Confronting Sexual Themes

As she walked across campus last fall, Claire Lauterbach began to notice a disturbing pattern in the posters that adorned kiosks and bulletin boards advertising weekend parties.

One pitched a "pimps and ho's" gathering; a second featured "secs and execs"; and a third "the president and the intern." Sexual themes dominated the ads.

"They all portrayed women in a very sexualized capacity," says Lauterbach, a junior and Baldwin Scholar. "I personally didn't feel like this represented all women at Duke, and I was curious to know how other women felt about having women defined in such a way."

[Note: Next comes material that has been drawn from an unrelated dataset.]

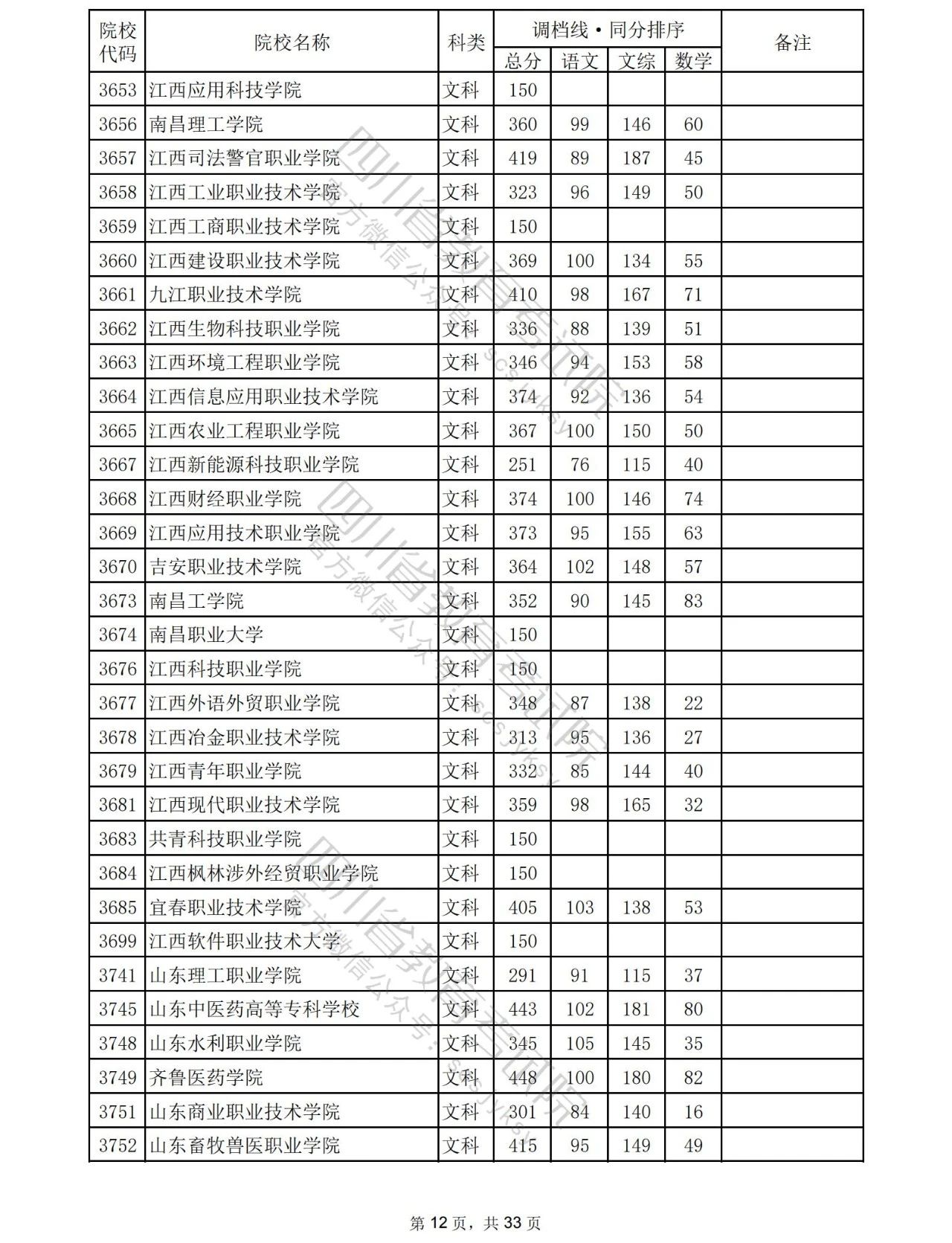 2023年普通高校在川招生专科批院校录取调档线出炉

That inspired a yearlong effort by Lauterbach to promote conversation on the image and position of women in undergraduate culture. Among other things, she organized an exhibition of the posters and sponsored discussions about what the poster images say about Duke's social scene, power dynamics, sexual relationships, and the treatment of women. In addition, she and a classmate conducted a survey of undergraduates' attitudes about the kinds of explicit and implicit messages found in the posters.

For the exhibit, Lauterbach sought the help of the Panhellenic Association, which represents ten sororities comprising 40 percent of undergraduate women. Senior Kate Guthrie, director of public relations for the Panhellenic Association, helped garner support for the exhibit, which included two-dozen party posters, and came to be known as the "Images Project."

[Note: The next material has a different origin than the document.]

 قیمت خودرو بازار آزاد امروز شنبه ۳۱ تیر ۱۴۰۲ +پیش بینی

Guthrie says the support for the project from the Interfraternity Council, the Inter-Greek Council, and the National Pan-Hellenic Council was significant. (Most of the posters were from fraternities, with a handful from sororities, selective living groups, or clubs, Lauterbach notes.) "It was a positive step, especially from the Greek perspective, for these groups to come out in public and say, ‘These are things we find important,' " says Guthrie.

The exhibit was on display this past spring in the Bryan Center, East Campus Union, and Wilson Recreation Center. Visitors were encouraged to write responses to the posters in an accompanying notebook. Lauterbach says some women wrote that the posters made them feel objectified, some alumni writers wondered why undergraduate women would put up with such ads, and some men expressed support for addressing the issue.

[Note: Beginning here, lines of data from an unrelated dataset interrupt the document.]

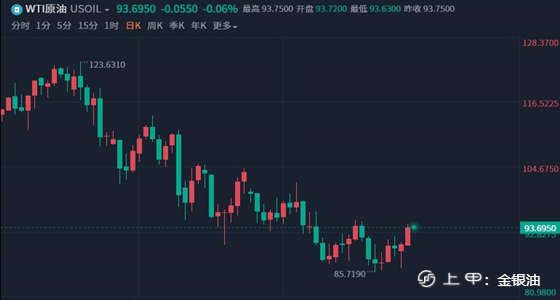 金手指：8.24早间黄金、原油策略、金价结束六连阴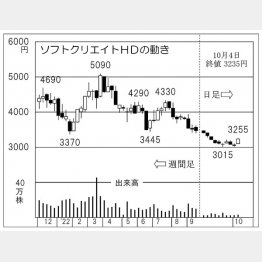 ソフトクリエイトホールディングスの株価チャート（Ｃ）日刊ゲンダイ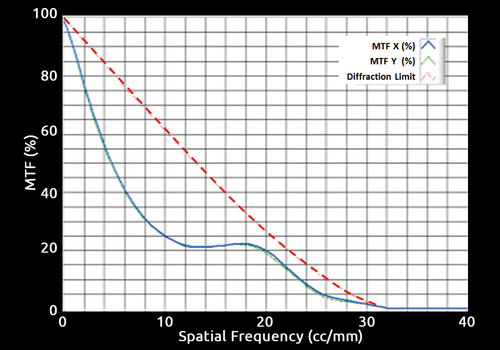 Modulated Transfer Function (MTF) measured  with a visible SID4 wavefront sensor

However, others, she says, didn't think the posters represent a problem, and some fraternity members said they felt targeted by the display.

The important thing, Lauterbach says, is that her peers are now engaging the topic critically. "You can't change a social system unless you first talk about it and understand it," Lauterbach says. "I think people are more open to talking about it, but it's hard to face, of course."

Lauterbach's efforts prompted at least one fraternity to rethink its advertising policies. Chi Psi recently adopted language stating that its members will no longer use "potentially derogatory images" in their advertising.